Disclosure statement

No potential conflict of interest was reported by the authors.

Notes on contributors

Changrui Xing got his Ph.D in food science in 2016 from Jiangnan University, Wuxi, China and then became a faculty in College of food science and engineering in Nanjing University of Finance and Economics. His research interests are immunochromatographic strip design and application.

Xuexue Jing got her bachelor from Bohai University and then she began to study in Nanjing University of Finance and Economics as a graduate student in food safety. Her research interests are immunoassay applications in food.

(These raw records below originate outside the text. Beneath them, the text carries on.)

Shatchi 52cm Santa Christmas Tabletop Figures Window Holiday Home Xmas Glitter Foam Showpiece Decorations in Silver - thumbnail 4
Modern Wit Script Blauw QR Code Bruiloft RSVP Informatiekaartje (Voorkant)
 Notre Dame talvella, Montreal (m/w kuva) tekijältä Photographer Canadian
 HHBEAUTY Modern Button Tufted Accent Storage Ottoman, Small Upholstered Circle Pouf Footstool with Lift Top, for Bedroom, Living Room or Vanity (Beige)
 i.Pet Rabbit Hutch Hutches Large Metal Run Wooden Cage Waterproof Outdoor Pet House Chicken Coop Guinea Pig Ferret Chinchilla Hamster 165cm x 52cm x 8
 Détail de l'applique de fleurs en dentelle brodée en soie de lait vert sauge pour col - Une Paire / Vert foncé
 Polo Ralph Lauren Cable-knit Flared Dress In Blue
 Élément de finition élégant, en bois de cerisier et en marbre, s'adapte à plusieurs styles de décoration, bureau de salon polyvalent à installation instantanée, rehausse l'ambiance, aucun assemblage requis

Xun Zhang got his Ph.D in food science in 2014 from Jiangnan University, Wuxi, China and then became the director of technology in Jiangsu MeiZheng Biological Technology Co. Ltd (Wuxi, China). His interests are fast detection technology and food safety evaluation.

Jian Yuan is a full professor of College of food science and engineering in Nanjing University of Finance and Economics. His research interests are food quality and safety evaluation.

Additional information

Funding

This work is financially supported by the National Natural Science Foundation of China [grant number 31601547], the project from Jiangsu Education Department [grant number 16KJB550003], and the Support Plan of National Science and Technology of China [grant number 2014BAD04B10].